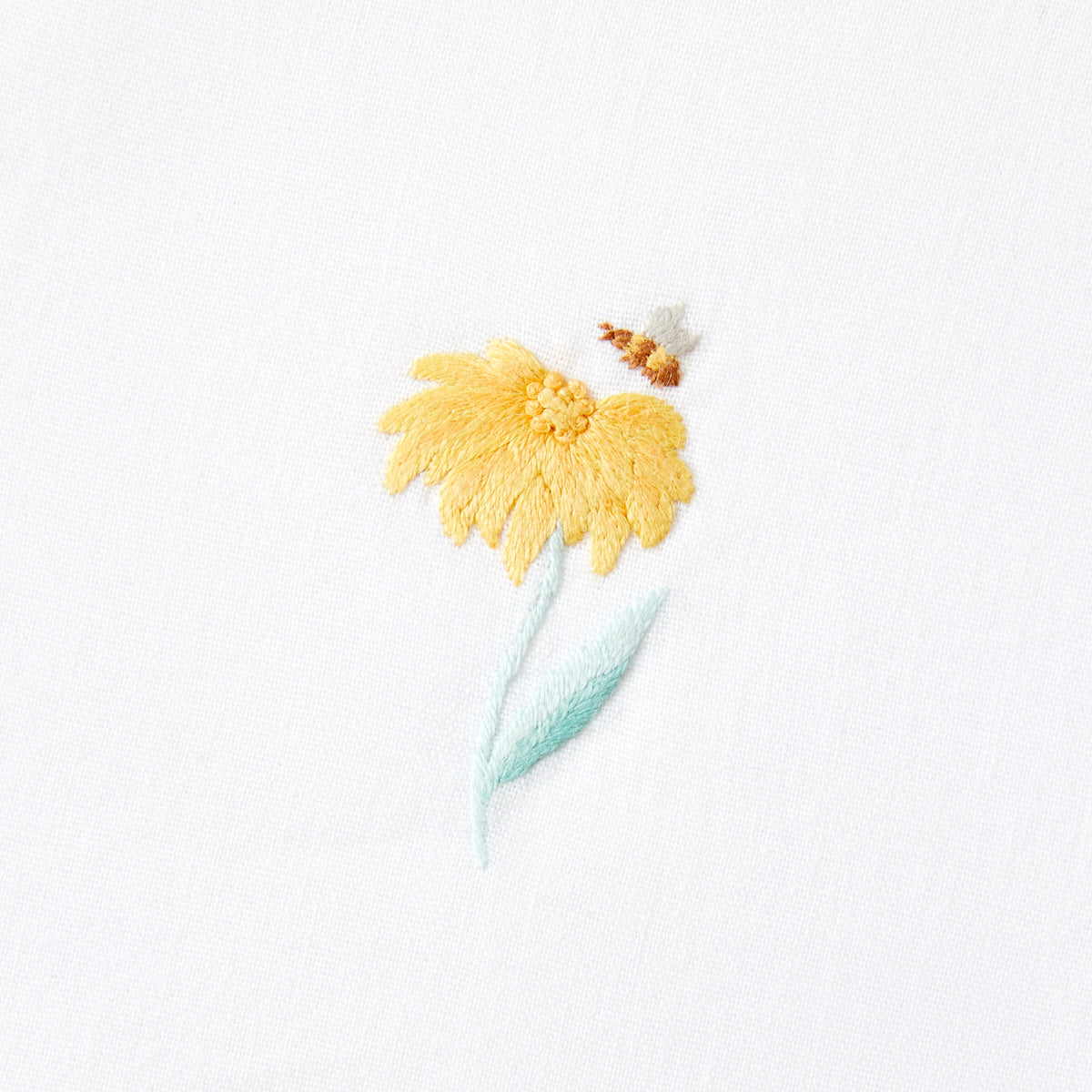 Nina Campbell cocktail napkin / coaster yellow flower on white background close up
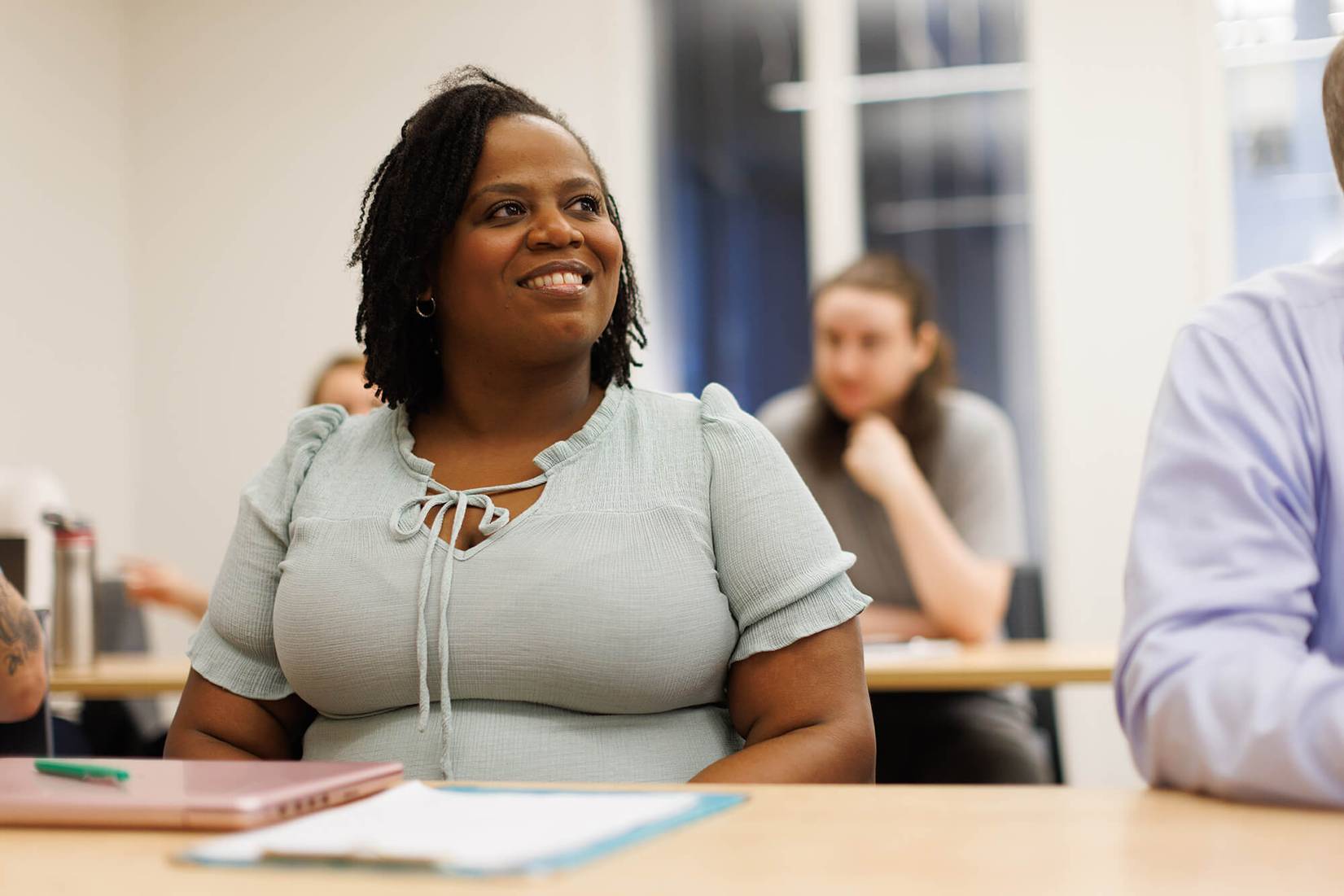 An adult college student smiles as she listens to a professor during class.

☆ ☆ ☆ ☆

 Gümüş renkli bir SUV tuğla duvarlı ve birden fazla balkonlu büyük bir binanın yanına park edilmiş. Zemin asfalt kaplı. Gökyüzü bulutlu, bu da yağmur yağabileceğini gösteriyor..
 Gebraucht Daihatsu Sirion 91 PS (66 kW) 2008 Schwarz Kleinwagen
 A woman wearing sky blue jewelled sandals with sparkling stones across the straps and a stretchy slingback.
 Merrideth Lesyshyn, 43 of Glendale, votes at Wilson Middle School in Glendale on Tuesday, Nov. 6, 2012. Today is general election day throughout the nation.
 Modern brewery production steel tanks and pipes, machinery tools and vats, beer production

☆ ☆ ☆ ☆

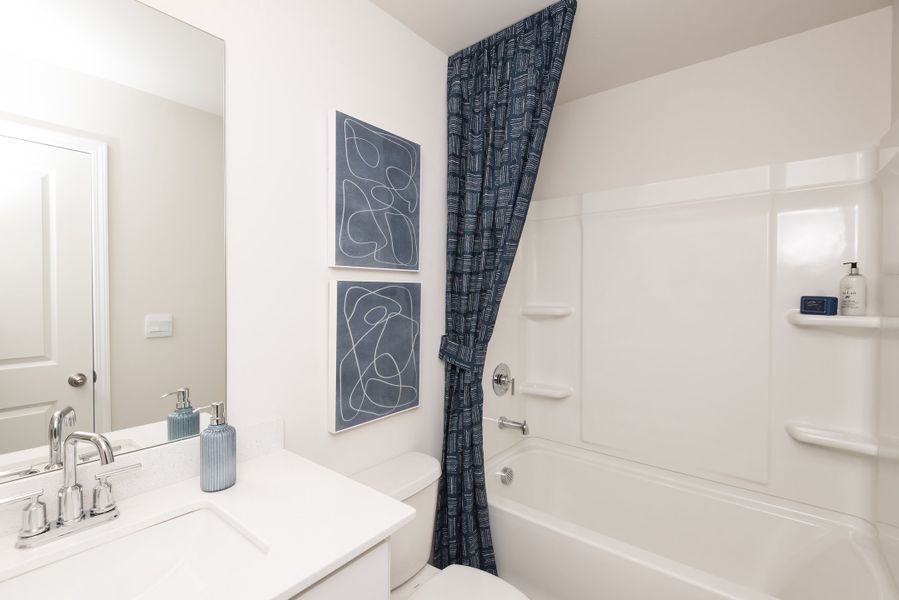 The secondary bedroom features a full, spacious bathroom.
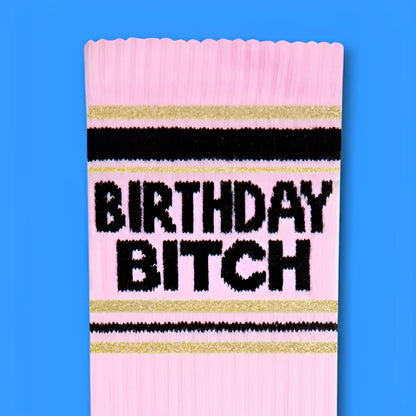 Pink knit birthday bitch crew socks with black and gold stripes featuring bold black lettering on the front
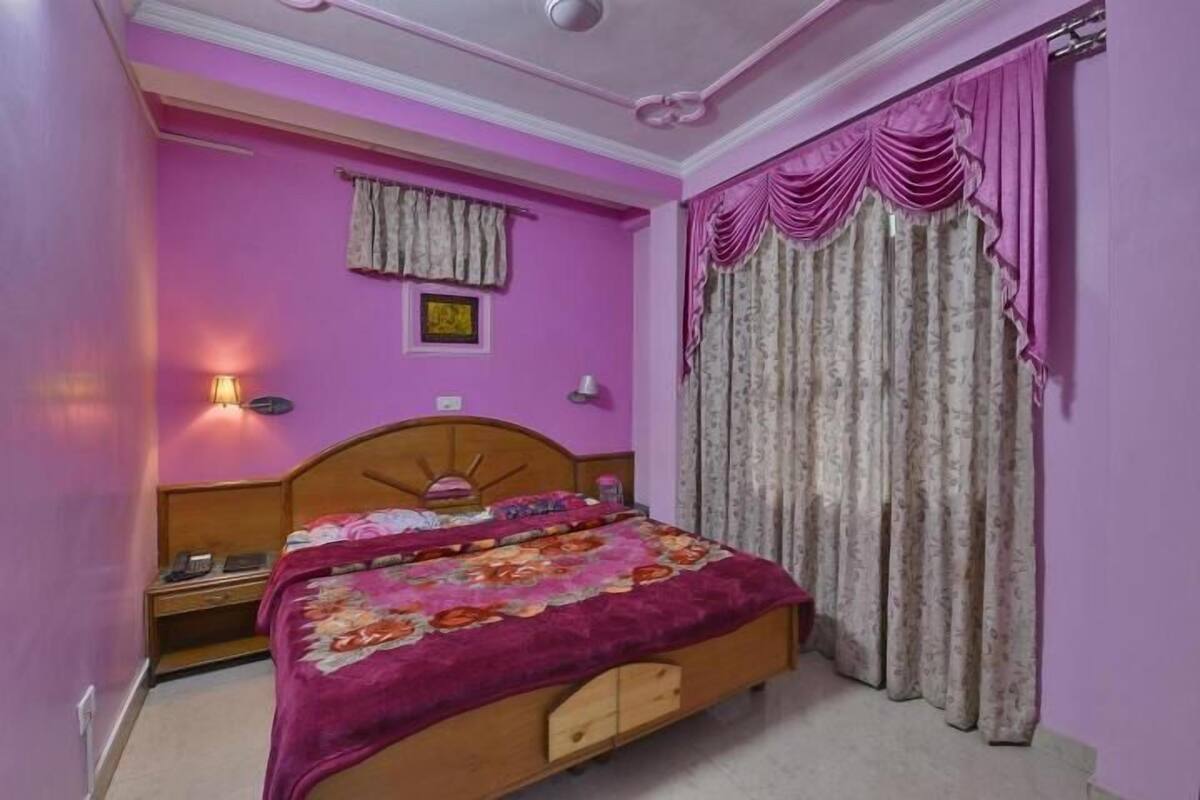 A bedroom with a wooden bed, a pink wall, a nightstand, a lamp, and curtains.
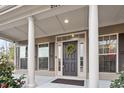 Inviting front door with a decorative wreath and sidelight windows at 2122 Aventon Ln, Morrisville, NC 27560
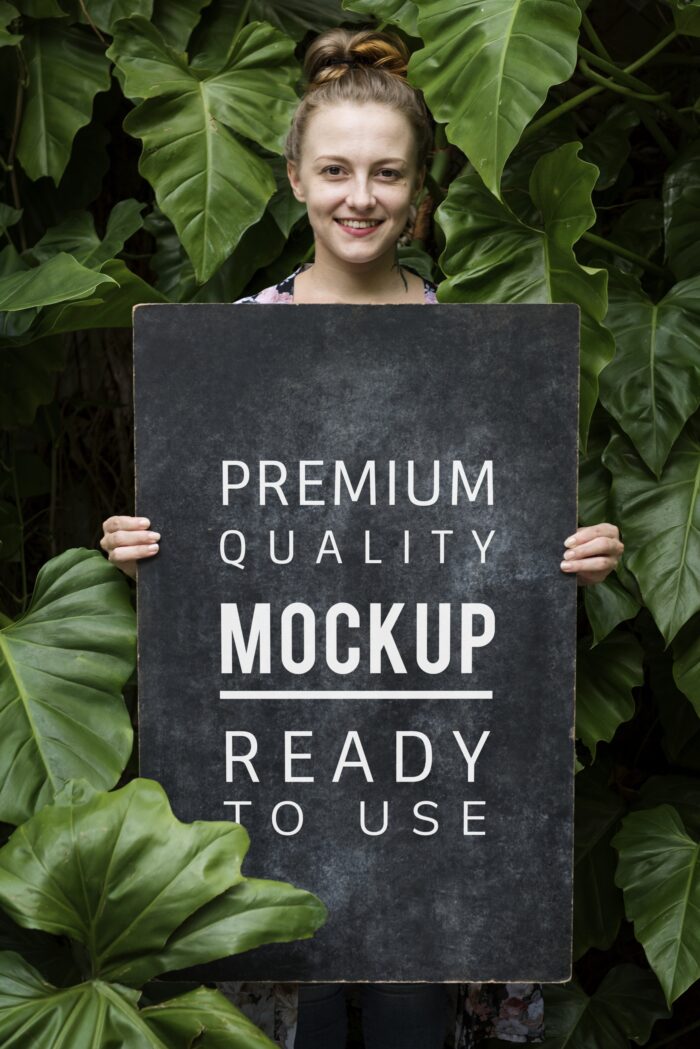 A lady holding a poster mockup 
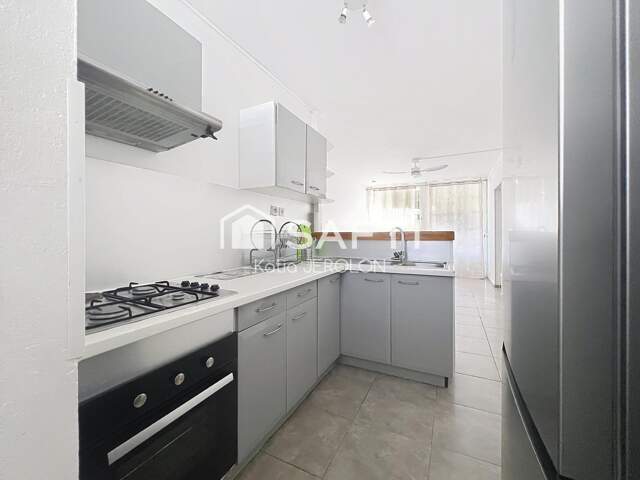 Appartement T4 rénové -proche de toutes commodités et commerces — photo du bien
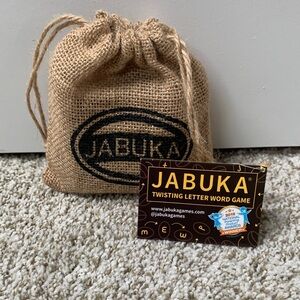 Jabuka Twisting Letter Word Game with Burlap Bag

☆ ☆ ☆ ☆

Give back, word for word, only the lines above from the line holding "Gümüş renkli bir" to the line holding "Modern brewery production", both included.

#### Problem solution:
 Gümüş renkli bir SUV tuğla duvarlı ve birden fazla balkonlu büyük bir binanın yanına park edilmiş. Zemin asfalt kaplı. Gökyüzü bulutlu, bu da yağmur yağabileceğini gösteriyor..
 Gebraucht Daihatsu Sirion 91 PS (66 kW) 2008 Schwarz Kleinwagen
 A woman wearing sky blue jewelled sandals with sparkling stones across the straps and a stretchy slingback.
 Merrideth Lesyshyn, 43 of Glendale, votes at Wilson Middle School in Glendale on Tuesday, Nov. 6, 2012. Today is general election day throughout the nation.
 Modern brewery production steel tanks and pipes, machinery tools and vats, beer production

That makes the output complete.